I was attempting to look at what the engine thinks is going on, but without diving into the debugger, it seems like the ZenShared isn’t in the stats blurb at the end of the cook. I see ZenRemoteGetHits, ZenRemoteGetTotal, and ZenRemoteGetHitPct listed, but for latency I only see LocalLatency, CloudLatency, and SharedLatency (which was 0.0000 and I assume refers to the legacy FileSystem shared DDC since that wasn’t active in this test). I did take a look through the code and I see where it’s calculating these, but I’m wondering if it’s possible the cook itself might be starving this and generate falsely high values at times (pure speculation on my part).

The log statements in question (that I see 5-10 times through the cook depending on the threshold used) are:

LogDerivedDataCache: Display: ZenShared: Performance does not meet minimum criteria. It will be deactivated until performance measurements improve. If this is consistent, consider disabling this cache store through environment variables or other configuration.

LogDerivedDataCache: Display: ZenShared: Performance has improved and meets minimum performance criteria. It will be reactivated now.

Before I go digging super deep into this, have you all seen anything like this or have any potential changes to how this is calculated? Thanks in advance for any insight you can provide into this.

MoreOrLessRandom · October 21, 2025, 6:37am

Yes, I have seen this before. Specifically what I found was happening in the past was that the metrics coming out of curl for latency or “time to first byte” of a response would be skewed when we have a lot of requests in progress and we hit our designated connection limit forcing HTTP1 requests (without multiplexing) to be queued until a connection freed up.
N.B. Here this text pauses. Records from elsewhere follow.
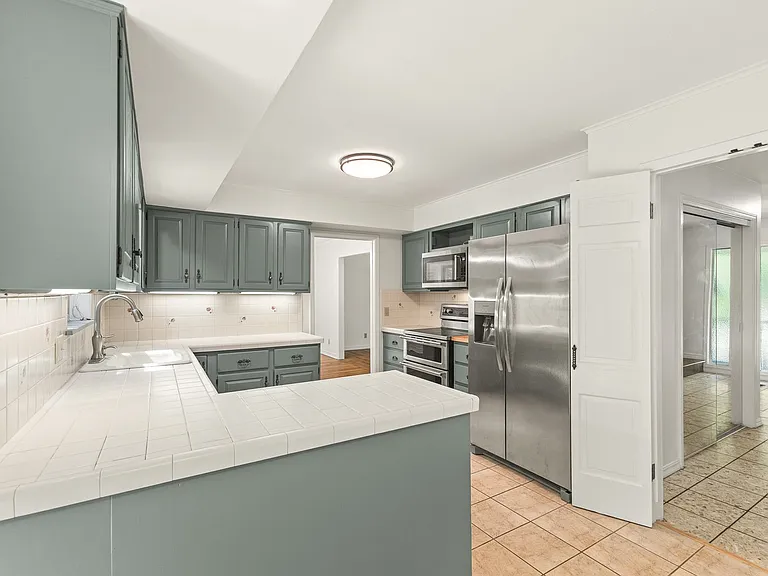 2825 E Inwood Ln — Photo 2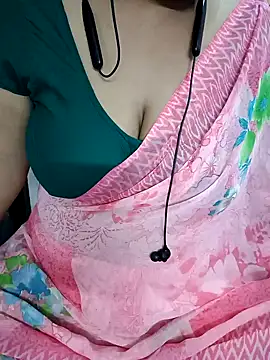 Snapshot of Yours_Radika chatting on 12.27.24 Yours Radika online show from 12.27.24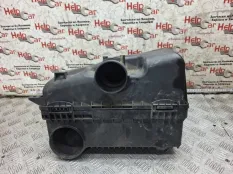 Корпус воздушного фильтра Mitsubishi Pajero 2006 MR404841 V98W 4M41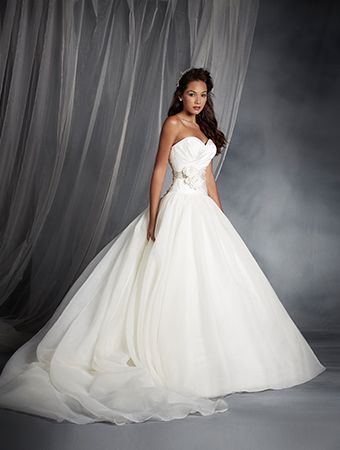 The 2015 Alfred Angelo Disney Fairy Tale Wedding Gowns - Snow White Snow White Wedding Dress, Snow White Wedding, Disney Princess Wedding, Princess Wedding Gown, Snow Dress, Stylish Wedding Dresses, Disney Fairy, Alfred Angelo, White Gown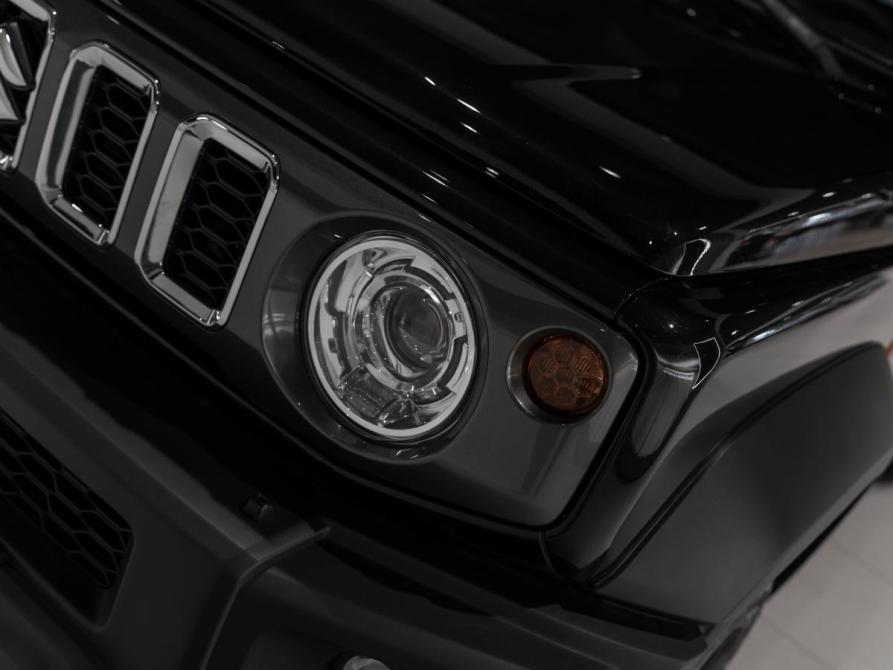 Suzuki Jimny IV Москва  - изображение 23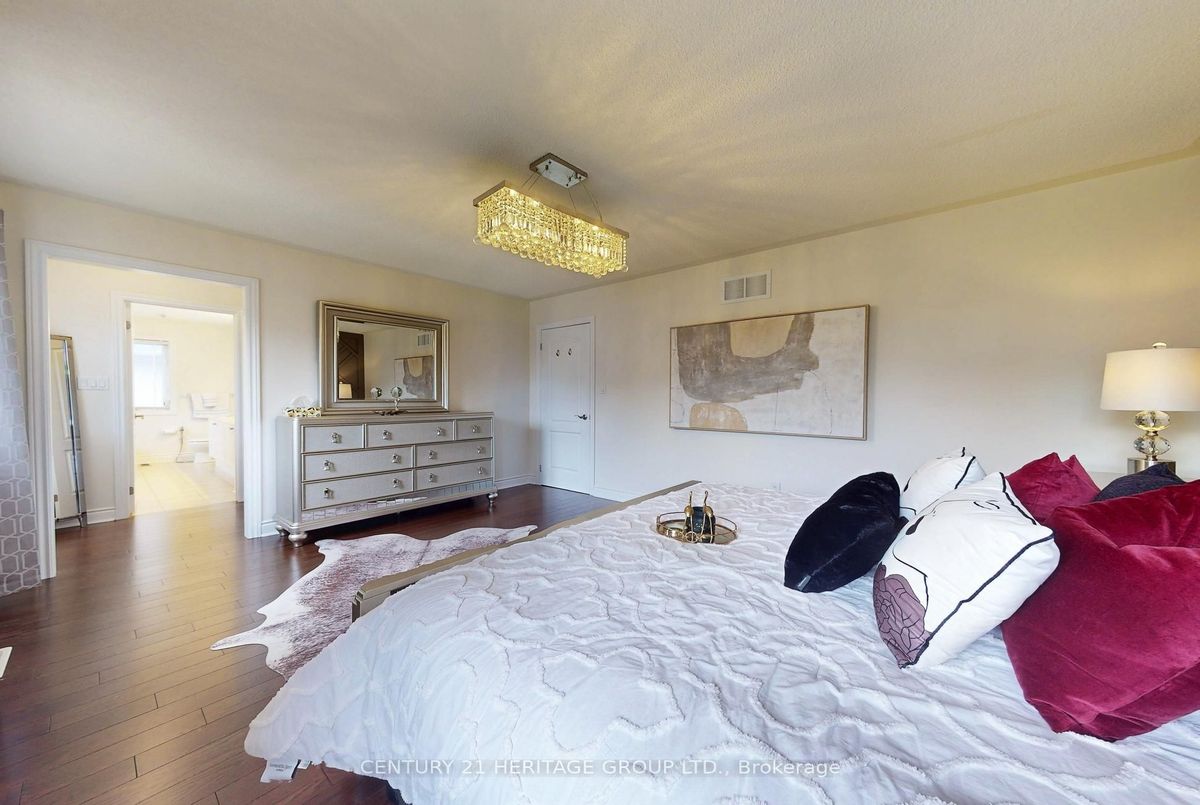 1062 Blackhall Crescent Newmarket 1062 Blackhall Crescent Newmarket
What seemed to be happening was that curl would included this queued time as part of the timers we query to determine average latency. This was discussed with the curl developers here:

github.com/curl/curl

Unexpected Timing Data When Limiting Concurrent Connections

opened 04:28PM - 06 Nov 23 UTC

closed 10:04PM - 27 Nov 23 UTC

zousar

not-a-curl-bug libcurl API

### I did this Implemented an average latency metric for a series of asynchro…nous HTTP1_1 requests using the multi API that is produced from: > CURLINFO_STARTTRANSFER_TIME - CURLINFO_CONNECT_TIME I also limited the number of concurrent connections using: > CURLMOPT_MAX_TOTAL_CONNECTIONS = foo ### I expected the following The latency metric would match the known latency as measured by calling the standalone curl executable to perform a basic GET request with a tiny response. What I found instead is that when there were more requests in progress than the connection limit permitted (and without pipelining or HTTP2), the latency measurement would increase in a way that seemed aligned with requests being queued and awaiting a connection. If I remove the connection limit, the latency measure is then accurate. This class of issue was discussed previously and a theoretical solution was proposed but the discussion went stale and no fix was submitted: https://github.com/curl/curl/issues/4776#issuecomment-570890159 Having locally attempted a modification of this nature to curl, I found that it corrected the issue I was seeing. Is there a chance that a fix can be submitted for this issue? ### curl/libcurl version 8.4.0 ### operating system Microsoft Windows [Version 10.0.19042.2965]

And in libcurl 8.4.0 we had to introduce a patch to address this issue (stored as curl_starttransfer_time_workaround.patch in the Engine/Source/ThirdParty/libcurl/patches/curl-8.4.0 path). In moving to later libcurl versions, it seemed as if the libcurl developers had addressed this issue, and carrying forward the patch was challenging due to the alterations to the library. However, we have also see evidence of this pattern of connecting & disconnecting to zenserver due to a false perception of latency when connections are queued.

I think we will have to consider either changing the way we compute average latency within zenserver’s DDC client, or we have to restore the patch for timing in newer libcurl drops. [mention removed] for visibility on this topic.

anonymous-edc · October 21, 2025, 5:22pm

Thanks for following up on this. I don’t think the impact to us currently is very severe, and we’ve gone ahead with rolling out our shared zen server to the team. It seems like it will only disable for a small window before it checks again. While this likely causes some missed cache pulls, it’s not detrimental, so we’ll watch for any updates on this.